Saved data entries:
--- START ---

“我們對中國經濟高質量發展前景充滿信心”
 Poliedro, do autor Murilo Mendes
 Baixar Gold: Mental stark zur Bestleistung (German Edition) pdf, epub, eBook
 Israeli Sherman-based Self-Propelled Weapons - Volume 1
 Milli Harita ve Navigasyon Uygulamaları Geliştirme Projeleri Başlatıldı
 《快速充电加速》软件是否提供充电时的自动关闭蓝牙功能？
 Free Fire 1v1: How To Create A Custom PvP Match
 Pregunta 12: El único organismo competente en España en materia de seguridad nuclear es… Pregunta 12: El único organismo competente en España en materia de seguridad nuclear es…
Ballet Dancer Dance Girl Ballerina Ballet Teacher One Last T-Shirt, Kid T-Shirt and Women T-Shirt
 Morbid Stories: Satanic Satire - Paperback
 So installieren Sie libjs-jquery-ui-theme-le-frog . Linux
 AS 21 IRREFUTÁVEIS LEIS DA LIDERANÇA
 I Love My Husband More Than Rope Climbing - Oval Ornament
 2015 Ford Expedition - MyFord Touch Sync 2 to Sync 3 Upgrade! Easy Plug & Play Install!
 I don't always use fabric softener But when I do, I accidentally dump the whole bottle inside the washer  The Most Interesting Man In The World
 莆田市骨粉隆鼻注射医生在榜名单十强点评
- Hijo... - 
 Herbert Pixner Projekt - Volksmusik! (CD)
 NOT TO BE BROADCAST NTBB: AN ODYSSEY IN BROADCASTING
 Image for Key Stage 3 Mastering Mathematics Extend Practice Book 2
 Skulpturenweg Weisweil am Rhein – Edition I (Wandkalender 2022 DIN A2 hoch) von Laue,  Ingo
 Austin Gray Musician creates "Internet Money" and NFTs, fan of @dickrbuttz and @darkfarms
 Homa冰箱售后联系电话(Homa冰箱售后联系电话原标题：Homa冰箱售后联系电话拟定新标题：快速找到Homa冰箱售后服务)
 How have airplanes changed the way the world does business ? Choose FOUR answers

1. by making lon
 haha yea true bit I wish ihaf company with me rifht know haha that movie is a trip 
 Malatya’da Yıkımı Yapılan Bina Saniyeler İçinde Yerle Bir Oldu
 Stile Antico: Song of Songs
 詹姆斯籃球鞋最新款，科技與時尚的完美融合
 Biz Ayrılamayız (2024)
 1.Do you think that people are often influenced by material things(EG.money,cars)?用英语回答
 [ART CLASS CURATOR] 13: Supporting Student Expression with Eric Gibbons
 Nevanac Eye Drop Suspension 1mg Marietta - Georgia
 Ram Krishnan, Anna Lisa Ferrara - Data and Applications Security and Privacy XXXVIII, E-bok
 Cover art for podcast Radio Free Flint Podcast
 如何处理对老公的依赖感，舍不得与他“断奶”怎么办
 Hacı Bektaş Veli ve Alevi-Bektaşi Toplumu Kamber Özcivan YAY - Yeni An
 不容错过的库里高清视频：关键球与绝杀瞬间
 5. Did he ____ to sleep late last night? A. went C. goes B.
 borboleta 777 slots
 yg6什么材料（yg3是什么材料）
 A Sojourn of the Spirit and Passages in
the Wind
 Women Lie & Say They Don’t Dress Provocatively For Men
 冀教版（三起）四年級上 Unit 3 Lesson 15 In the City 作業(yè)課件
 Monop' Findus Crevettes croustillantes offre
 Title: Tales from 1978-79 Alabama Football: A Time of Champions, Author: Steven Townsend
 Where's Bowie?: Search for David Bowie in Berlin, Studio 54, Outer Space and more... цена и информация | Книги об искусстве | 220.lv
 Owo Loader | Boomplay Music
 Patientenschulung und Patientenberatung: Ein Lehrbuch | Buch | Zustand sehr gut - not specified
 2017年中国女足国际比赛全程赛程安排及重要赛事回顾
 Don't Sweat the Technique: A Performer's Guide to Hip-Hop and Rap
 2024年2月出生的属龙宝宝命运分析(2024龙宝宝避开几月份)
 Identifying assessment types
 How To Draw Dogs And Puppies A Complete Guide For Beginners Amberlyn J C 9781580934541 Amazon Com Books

--- END ---

● EXERCISE DESCRIPTION
Every line above in which the word "that" occurs needs to be copied.

● FINAL ANSWER
 haha yea true bit I wish ihaf company with me rifht know haha that movie is a trip 
 1.Do you think that people are often influenced by material things(EG.money,cars)?用英语回答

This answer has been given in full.